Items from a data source
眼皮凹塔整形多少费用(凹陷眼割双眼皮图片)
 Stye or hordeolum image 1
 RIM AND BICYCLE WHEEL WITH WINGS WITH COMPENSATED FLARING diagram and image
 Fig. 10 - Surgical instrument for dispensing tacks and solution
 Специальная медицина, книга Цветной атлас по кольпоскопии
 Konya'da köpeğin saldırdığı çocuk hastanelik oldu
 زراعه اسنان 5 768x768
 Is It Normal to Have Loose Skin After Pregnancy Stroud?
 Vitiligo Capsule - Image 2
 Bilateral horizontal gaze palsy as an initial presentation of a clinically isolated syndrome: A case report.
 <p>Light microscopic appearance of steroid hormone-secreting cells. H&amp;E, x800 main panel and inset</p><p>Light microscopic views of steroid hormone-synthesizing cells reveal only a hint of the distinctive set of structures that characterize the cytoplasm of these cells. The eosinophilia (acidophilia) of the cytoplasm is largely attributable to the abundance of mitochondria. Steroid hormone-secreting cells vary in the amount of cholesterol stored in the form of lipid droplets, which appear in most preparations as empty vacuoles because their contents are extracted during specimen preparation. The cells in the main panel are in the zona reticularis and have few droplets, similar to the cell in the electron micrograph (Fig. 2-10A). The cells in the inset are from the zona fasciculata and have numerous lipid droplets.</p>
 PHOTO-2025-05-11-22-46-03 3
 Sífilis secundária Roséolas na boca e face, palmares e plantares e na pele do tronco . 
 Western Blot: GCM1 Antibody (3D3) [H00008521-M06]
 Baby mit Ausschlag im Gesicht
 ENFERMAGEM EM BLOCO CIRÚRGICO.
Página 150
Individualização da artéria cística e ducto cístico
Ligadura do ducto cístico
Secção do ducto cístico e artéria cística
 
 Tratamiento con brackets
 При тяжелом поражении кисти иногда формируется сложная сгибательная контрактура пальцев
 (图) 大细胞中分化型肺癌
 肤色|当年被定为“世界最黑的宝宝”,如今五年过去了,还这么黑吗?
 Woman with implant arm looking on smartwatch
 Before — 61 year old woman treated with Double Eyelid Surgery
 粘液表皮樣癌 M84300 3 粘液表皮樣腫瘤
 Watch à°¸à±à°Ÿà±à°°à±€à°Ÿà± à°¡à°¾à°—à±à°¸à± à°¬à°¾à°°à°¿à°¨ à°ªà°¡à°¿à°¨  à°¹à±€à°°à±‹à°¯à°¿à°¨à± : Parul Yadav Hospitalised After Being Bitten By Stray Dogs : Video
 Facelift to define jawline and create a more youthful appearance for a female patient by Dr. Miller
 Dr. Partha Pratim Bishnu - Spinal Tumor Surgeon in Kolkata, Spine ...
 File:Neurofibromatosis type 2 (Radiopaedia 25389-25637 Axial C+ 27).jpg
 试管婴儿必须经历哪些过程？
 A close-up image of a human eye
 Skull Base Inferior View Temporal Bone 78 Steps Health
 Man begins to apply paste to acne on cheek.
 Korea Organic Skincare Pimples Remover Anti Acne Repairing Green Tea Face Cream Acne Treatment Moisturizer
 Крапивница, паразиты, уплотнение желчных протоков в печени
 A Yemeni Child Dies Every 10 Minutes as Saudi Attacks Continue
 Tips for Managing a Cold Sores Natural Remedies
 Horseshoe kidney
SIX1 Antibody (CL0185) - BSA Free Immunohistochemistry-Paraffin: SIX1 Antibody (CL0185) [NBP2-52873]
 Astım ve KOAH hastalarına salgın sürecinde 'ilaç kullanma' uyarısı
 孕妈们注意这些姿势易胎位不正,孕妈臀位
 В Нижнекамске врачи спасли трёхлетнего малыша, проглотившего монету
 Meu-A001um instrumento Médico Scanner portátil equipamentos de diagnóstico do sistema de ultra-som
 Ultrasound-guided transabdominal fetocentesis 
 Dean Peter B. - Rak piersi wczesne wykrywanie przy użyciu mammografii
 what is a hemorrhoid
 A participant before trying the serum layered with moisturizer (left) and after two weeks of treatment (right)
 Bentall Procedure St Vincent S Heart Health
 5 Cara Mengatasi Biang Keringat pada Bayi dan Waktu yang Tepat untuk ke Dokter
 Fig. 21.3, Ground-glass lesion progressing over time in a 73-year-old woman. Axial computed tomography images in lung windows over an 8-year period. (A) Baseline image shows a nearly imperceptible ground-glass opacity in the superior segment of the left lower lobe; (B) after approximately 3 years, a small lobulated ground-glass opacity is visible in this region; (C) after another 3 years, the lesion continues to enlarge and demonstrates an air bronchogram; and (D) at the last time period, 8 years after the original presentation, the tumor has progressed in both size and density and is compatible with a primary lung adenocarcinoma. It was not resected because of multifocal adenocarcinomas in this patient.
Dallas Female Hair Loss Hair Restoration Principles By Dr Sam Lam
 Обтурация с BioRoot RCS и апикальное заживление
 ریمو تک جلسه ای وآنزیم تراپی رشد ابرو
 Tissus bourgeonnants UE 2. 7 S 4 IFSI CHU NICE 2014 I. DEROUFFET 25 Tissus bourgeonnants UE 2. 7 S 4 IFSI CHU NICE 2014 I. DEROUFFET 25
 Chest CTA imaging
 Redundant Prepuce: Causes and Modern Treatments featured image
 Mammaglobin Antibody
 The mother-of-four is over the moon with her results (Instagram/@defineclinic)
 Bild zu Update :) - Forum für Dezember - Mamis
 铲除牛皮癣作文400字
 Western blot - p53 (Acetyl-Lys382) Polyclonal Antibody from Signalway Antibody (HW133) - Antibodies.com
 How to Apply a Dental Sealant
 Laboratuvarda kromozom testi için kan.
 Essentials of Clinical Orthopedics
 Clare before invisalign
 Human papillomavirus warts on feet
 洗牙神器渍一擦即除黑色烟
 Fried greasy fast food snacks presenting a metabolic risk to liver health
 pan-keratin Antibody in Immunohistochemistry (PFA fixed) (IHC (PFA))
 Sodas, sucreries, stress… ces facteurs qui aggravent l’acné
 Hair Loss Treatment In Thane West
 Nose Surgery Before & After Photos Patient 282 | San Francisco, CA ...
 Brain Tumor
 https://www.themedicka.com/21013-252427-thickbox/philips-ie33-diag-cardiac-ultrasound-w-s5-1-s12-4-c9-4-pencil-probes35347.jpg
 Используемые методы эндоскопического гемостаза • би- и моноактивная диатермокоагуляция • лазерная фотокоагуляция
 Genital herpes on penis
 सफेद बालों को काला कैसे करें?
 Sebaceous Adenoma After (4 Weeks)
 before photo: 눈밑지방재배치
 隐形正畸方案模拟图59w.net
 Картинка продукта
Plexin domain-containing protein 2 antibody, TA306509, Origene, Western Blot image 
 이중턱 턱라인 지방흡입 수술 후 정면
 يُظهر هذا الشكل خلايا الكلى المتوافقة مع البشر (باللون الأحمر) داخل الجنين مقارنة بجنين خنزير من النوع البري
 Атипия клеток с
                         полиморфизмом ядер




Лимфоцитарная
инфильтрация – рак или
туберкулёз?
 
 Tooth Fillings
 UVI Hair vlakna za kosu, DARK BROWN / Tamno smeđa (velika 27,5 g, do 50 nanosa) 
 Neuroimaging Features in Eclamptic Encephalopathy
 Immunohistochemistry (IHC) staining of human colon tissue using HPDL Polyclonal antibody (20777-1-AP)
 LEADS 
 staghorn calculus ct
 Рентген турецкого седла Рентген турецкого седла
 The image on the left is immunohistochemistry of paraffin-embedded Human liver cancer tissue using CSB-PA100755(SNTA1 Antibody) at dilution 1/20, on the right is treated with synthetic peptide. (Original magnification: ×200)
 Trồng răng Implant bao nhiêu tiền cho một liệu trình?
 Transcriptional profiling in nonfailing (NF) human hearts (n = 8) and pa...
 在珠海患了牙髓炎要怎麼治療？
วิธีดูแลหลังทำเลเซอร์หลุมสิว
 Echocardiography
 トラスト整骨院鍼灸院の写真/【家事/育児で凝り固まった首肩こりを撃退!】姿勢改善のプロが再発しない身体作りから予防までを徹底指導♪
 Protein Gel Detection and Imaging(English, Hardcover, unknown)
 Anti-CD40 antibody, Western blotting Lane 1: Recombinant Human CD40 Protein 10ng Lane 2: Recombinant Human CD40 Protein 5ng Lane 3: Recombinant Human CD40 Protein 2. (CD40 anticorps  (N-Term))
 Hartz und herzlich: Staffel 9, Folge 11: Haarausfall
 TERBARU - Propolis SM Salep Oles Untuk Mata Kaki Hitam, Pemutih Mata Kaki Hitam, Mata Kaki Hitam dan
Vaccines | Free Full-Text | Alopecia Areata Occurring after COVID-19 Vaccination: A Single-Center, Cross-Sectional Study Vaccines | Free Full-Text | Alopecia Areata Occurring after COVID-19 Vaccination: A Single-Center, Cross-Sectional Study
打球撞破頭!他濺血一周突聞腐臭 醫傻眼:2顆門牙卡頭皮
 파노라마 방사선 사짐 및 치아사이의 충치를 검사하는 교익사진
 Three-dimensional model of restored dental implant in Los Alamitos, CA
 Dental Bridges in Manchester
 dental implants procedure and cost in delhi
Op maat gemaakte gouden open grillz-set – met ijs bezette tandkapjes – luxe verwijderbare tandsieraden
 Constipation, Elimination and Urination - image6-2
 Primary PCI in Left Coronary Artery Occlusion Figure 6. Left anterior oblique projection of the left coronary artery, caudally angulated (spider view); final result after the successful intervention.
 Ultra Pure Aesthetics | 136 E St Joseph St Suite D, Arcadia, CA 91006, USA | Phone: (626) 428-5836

> **Task to complete**: An exact copy of the data is needed, running from its first line through the line that holds "Vitiligo Capsule - Image 2", and nothing beyond that.

> **Exercise solution**:
眼皮凹塔整形多少费用(凹陷眼割双眼皮图片)
 Stye or hordeolum image 1
 RIM AND BICYCLE WHEEL WITH WINGS WITH COMPENSATED FLARING diagram and image
 Fig. 10 - Surgical instrument for dispensing tacks and solution
 Специальная медицина, книга Цветной атлас по кольпоскопии
 Konya'da köpeğin saldırdığı çocuk hastanelik oldu
 زراعه اسنان 5 768x768
 Is It Normal to Have Loose Skin After Pregnancy Stroud?
 Vitiligo Capsule - Image 2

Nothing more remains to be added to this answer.